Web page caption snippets
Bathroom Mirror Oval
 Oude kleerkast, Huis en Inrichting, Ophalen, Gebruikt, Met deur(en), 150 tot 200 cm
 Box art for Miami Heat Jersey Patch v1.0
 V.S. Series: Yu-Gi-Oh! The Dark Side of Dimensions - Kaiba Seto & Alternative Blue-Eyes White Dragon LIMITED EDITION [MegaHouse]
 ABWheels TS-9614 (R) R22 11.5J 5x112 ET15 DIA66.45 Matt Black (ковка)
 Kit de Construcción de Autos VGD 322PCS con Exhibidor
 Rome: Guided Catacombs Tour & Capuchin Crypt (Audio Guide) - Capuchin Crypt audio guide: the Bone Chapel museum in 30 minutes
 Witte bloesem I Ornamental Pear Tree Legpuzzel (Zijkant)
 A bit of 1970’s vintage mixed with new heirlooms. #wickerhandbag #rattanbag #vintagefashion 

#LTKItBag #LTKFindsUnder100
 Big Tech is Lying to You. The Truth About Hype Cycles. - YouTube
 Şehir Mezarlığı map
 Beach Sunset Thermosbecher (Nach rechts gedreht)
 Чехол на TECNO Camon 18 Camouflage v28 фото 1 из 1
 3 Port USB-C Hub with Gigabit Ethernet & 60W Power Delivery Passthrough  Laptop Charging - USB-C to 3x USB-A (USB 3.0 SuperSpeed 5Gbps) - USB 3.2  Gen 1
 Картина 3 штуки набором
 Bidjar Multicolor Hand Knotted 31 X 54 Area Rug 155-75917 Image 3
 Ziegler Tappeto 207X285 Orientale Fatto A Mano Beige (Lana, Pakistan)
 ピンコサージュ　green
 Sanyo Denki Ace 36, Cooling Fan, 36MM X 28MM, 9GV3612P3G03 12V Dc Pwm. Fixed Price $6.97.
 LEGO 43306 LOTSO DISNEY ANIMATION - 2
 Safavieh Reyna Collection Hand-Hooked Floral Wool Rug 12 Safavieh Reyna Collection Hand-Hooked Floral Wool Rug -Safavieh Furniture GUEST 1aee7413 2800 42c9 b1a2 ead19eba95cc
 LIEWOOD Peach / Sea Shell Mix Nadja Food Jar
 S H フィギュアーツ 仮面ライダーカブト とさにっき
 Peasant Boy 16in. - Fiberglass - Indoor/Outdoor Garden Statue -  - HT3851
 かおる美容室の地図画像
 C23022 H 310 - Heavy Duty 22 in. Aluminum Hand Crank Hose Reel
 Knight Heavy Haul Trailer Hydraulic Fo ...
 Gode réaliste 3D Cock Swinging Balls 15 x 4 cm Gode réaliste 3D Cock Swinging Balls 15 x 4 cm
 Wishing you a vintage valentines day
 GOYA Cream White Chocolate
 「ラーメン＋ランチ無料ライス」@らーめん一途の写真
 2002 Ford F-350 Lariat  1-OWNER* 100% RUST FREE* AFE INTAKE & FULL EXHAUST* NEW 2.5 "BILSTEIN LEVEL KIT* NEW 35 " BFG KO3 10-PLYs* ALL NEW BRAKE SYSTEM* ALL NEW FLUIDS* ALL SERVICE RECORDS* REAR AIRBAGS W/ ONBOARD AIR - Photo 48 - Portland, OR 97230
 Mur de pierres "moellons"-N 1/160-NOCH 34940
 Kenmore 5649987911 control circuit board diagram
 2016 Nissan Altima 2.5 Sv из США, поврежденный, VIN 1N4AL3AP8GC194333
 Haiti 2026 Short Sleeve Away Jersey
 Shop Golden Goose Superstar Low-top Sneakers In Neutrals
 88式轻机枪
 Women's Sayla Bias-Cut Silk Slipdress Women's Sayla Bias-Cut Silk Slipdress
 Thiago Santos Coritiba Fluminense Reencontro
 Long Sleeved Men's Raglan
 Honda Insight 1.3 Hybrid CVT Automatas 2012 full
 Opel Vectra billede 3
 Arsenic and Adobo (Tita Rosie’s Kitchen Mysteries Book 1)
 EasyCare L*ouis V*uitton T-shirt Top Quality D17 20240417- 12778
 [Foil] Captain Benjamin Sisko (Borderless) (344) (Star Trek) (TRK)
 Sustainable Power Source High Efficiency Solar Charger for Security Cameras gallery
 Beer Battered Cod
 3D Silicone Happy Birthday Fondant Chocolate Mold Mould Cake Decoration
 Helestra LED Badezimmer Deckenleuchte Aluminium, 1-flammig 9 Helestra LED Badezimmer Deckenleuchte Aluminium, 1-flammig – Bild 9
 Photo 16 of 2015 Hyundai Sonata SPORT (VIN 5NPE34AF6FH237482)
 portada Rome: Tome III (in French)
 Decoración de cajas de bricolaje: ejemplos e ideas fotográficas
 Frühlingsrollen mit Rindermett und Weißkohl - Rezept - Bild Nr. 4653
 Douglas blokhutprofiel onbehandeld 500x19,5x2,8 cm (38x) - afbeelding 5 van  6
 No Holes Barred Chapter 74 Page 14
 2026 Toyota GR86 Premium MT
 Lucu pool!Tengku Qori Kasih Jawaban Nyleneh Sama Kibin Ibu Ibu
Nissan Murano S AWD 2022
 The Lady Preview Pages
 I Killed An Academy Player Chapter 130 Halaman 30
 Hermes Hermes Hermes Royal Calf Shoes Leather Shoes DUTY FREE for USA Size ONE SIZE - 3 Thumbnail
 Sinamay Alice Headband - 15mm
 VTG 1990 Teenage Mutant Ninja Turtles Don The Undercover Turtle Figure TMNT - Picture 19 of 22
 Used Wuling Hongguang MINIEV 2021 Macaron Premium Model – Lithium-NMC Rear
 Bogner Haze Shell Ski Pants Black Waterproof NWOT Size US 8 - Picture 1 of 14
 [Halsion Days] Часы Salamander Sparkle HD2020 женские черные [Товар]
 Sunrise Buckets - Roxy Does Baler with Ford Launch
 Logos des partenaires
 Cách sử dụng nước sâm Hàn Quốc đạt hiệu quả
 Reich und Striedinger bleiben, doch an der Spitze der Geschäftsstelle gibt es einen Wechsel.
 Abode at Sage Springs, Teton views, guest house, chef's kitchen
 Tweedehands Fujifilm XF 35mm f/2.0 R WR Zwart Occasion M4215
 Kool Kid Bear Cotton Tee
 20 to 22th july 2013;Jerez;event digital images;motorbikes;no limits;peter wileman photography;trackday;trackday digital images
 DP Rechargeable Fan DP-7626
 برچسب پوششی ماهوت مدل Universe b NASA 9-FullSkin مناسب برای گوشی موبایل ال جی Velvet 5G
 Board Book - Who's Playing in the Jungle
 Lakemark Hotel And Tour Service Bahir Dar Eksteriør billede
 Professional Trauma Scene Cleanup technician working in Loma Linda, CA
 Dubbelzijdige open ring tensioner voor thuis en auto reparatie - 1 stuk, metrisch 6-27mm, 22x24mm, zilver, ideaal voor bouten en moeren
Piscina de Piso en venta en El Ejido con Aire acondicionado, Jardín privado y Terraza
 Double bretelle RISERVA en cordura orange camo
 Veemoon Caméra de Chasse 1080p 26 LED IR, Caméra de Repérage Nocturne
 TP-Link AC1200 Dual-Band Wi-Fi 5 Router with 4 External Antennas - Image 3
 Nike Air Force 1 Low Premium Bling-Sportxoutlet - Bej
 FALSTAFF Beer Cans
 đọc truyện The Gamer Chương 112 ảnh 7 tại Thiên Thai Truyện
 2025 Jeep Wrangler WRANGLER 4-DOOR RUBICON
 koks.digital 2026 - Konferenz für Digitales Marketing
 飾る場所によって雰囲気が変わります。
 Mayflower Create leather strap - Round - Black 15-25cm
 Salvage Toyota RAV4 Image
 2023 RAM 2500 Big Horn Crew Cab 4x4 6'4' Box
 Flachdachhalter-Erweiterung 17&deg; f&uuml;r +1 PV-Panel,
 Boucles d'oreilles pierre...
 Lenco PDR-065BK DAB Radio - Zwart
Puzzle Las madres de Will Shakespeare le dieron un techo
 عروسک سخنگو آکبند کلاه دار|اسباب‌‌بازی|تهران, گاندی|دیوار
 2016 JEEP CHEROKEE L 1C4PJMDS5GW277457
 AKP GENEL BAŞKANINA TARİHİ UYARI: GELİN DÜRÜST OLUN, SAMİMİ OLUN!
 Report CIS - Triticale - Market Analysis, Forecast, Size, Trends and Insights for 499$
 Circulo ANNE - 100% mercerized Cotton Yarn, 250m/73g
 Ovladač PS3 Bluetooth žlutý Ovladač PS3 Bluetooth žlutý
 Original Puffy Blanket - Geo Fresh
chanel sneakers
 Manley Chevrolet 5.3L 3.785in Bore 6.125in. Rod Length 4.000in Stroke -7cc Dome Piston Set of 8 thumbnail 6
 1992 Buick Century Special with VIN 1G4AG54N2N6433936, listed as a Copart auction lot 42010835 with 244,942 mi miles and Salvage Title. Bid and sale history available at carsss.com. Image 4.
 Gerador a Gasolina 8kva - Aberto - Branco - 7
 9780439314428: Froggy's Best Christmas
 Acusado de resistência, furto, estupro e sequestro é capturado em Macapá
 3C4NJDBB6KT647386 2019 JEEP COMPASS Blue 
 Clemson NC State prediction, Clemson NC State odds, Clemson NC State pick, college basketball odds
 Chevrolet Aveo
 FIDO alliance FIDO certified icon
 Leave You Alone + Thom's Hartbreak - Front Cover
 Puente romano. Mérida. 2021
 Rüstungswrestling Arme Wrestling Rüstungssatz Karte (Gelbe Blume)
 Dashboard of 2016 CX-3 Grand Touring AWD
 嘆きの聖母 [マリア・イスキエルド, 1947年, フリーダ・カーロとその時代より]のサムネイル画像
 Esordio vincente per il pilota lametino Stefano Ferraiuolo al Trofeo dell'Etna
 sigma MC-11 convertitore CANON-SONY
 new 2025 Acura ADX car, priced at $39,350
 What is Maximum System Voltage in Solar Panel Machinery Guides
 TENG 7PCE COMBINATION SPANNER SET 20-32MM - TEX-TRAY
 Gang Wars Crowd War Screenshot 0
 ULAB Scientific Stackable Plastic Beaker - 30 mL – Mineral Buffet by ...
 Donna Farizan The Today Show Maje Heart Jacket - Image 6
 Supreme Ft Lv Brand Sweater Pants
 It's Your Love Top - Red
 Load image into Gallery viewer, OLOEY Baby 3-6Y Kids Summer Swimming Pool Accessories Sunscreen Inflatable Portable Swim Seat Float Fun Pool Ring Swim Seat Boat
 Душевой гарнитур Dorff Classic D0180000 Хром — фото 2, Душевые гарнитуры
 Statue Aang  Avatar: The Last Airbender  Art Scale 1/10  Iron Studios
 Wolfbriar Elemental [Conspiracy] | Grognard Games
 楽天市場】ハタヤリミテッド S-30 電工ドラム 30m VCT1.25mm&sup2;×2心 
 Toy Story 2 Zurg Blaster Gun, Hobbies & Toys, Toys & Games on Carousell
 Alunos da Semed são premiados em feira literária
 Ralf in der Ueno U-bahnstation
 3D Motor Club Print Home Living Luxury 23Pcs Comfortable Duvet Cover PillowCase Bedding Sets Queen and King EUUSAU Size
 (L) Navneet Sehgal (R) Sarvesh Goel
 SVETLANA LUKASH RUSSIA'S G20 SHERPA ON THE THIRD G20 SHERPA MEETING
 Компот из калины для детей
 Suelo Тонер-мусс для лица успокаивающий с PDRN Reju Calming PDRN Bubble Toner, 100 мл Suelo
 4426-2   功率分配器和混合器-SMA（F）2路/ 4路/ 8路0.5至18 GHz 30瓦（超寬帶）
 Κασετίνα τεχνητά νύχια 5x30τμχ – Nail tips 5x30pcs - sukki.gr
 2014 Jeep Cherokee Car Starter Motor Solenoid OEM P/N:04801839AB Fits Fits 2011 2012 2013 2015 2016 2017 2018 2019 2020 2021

### Work required
Search the records above for "Beer". Copy each line where it is found.

### Solution for this task
 Beer Battered Cod
 FALSTAFF Beer Cans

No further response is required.